E-zwich is a banking system that provides a common electronic platform linking the payment systems of all licensed banks and non-bank financial institutions in the country.
In Africa the system has been adopted in South Africa, Botswana, Nigeria, Malawi and Rwanda, but Ghana is the first country to take on the challenge of achieving national integration. In all other countries, integration has been between two or three banks only.
Since the Accra trial started on April 28 this year, 16 banks have signed up to e-zwich, but the private corporation responsible for its administration, the Ghana Interbank Payment and Settlement System (GhIPSS), said all 26 banks would be integrated into the system by the end of this month.
Clients of e-zwich can load funds onto “smart cards”, which act in a similar way to bank debit cards, except they require biometric (fingerprint) identification instead of pin numbers and the cards can work in e-zwich Point of Sale (POS) machines that are “off-line”, or do not require an active connection to the bank.
The GhIPPS General Manager of Projects and Business Development, Mr Archie Hesse, said high connection costs, limited electricity and unreliable telecommunications in rural areas had prevented a majority of the population from being able to make use of the Electronic Funds Transfer Point of Sale (EFTPOS) machines and other financial services.
For other bankcards to work in EFTPOS machines the merchant requires an “online” connection to the bank through telecommunication services to complete the transaction. He said as a result, and also due to infrastructure difficulties, not many banks are set up in rural areas and 80 per cent of the bankable population either do not own bank accounts or are “under-banked”, i.e. they do not have regular access to financial services.

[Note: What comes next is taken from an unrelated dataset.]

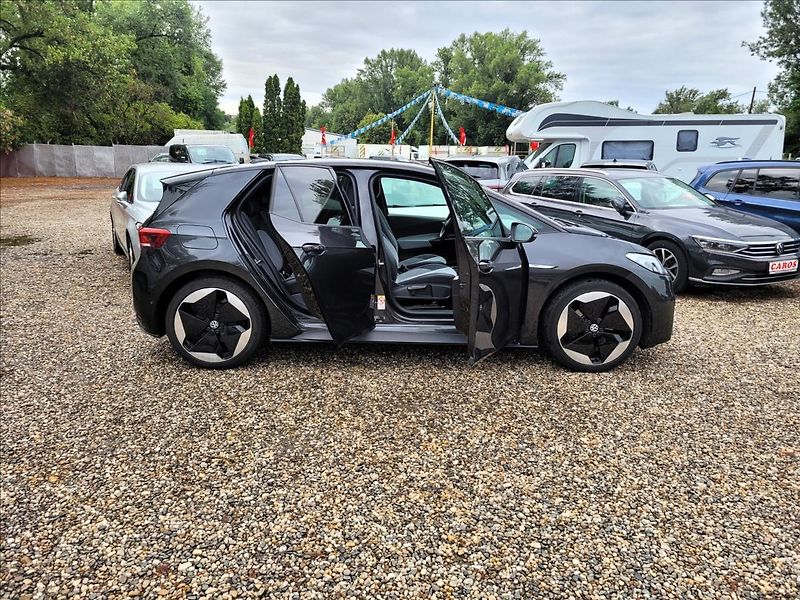 Volkswagen ID.3 SOH 92%,150kw,tepelko,tažné - fotka 17 z 48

“This is not helping the country because we want to have money in the banking system so the government can have access to it for investment purposes,” he said. “This is going to be of benefit to the economy and Ghanaians as well.”
The Bank of Ghana, through the newly formed GhIPSS, is using e-zwich to tap into this market with the hope of eventually creating a “cashless economy”.

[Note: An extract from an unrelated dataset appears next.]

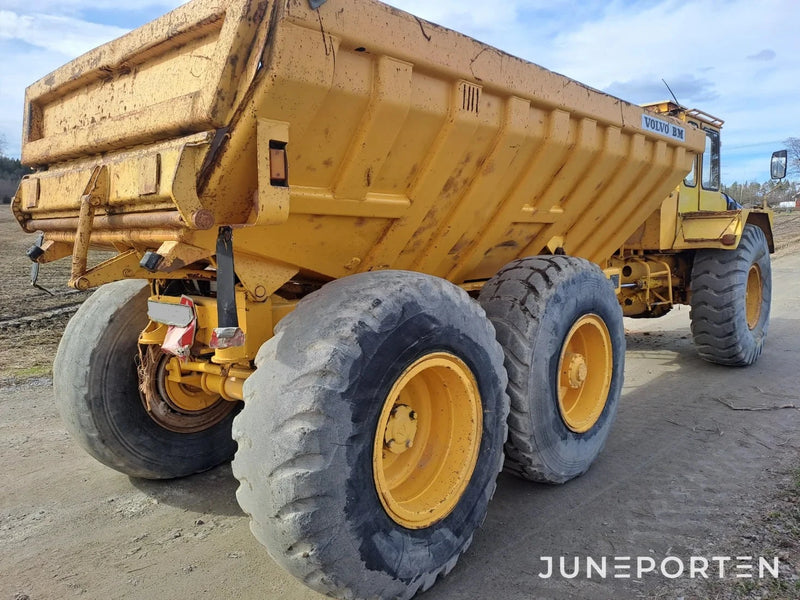 Dumper Volvo BM 860 S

GhIPSS Chief Executive Officer, Mr Frederick France, said his company was on-target and using this June period to train banks and set them up to achieve interconnectivity with the e-zwich platform.

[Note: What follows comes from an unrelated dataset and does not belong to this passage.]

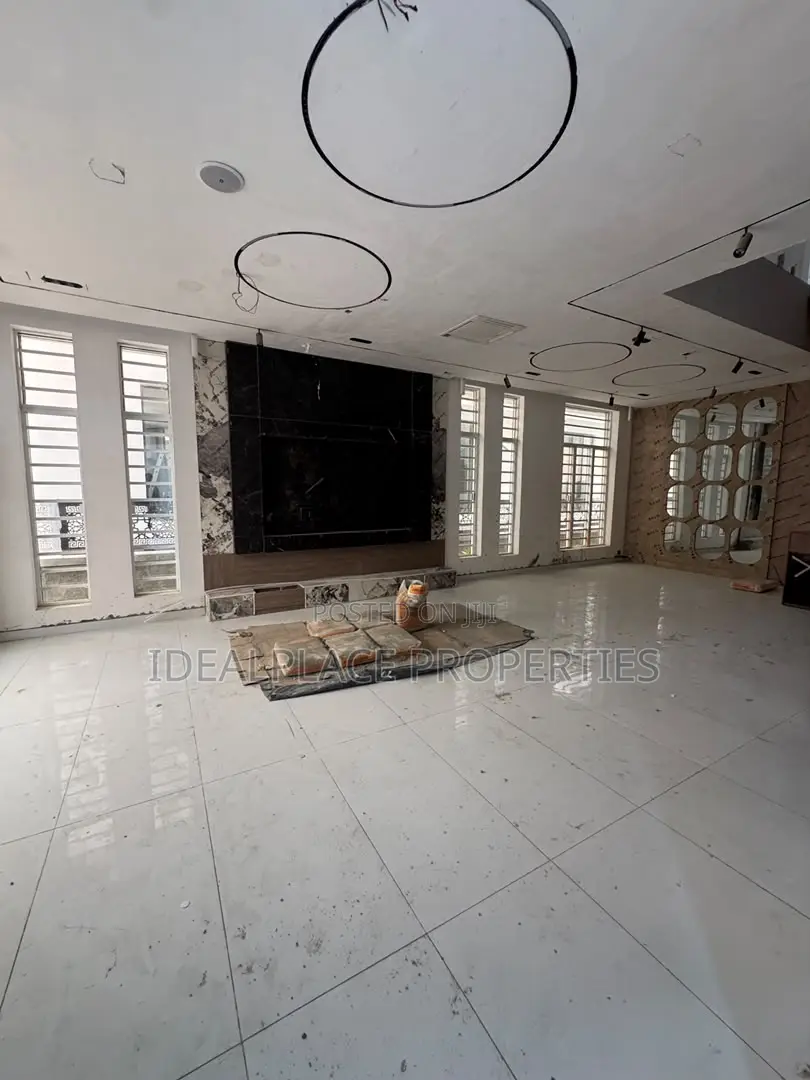 5bdrm Duplex in Chevron for sale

“Bankers are enrolling their trusted merchants and customers and getting their staff trained and ready,” he said.
Mr Hesse said the banks were hesitant at first but now they were taking the lead from other banks, and the response was growing at a rapid rate.
“I’m very confident we will eventually achieve an 80 per cent bankable population in Ghana,” he said.
The Head of Domestic Operations at Fidelity Bank, Mr Lawrence Lamptey, says it would be difficult to change Ghanaians’ perceptions about technology and their “wait-and-see” attitude, but agrees that e-zwich is the “best possible way of getting the unbanked population into the system”.
Fidelity Bank, a pilot implementer for e-zwich, has already registered approximately 15 merchants and over 100 individual clients to e-zwich. He said it was an easy process to register with e-zwich because all clients had to do was to walk into any bank or financial institution (by the end of June) with a photo ID. He said they would not need previous bank accounts to have an e-zwich card, as the smart card acts as a bank account. Mr Lamptey said merchants were slowly making use of their POS machines and he believed the pilot scheme had been “very successful” so far.
Another pilot implementer of e-zwich, Guaranty Trust Bank, has approximately 30 merchants on board. The Deputy Manager, and Head of the E-Settlemant Unit at GT Bank, Mrs Araba Ofori, said the bank’s aim was to give their customers the convenience of banking anywhere, and e-zwich provided this facility. She said the project had not caught up yet and people are still sceptical, but she was confident the interest would grow after further education and hands-on training.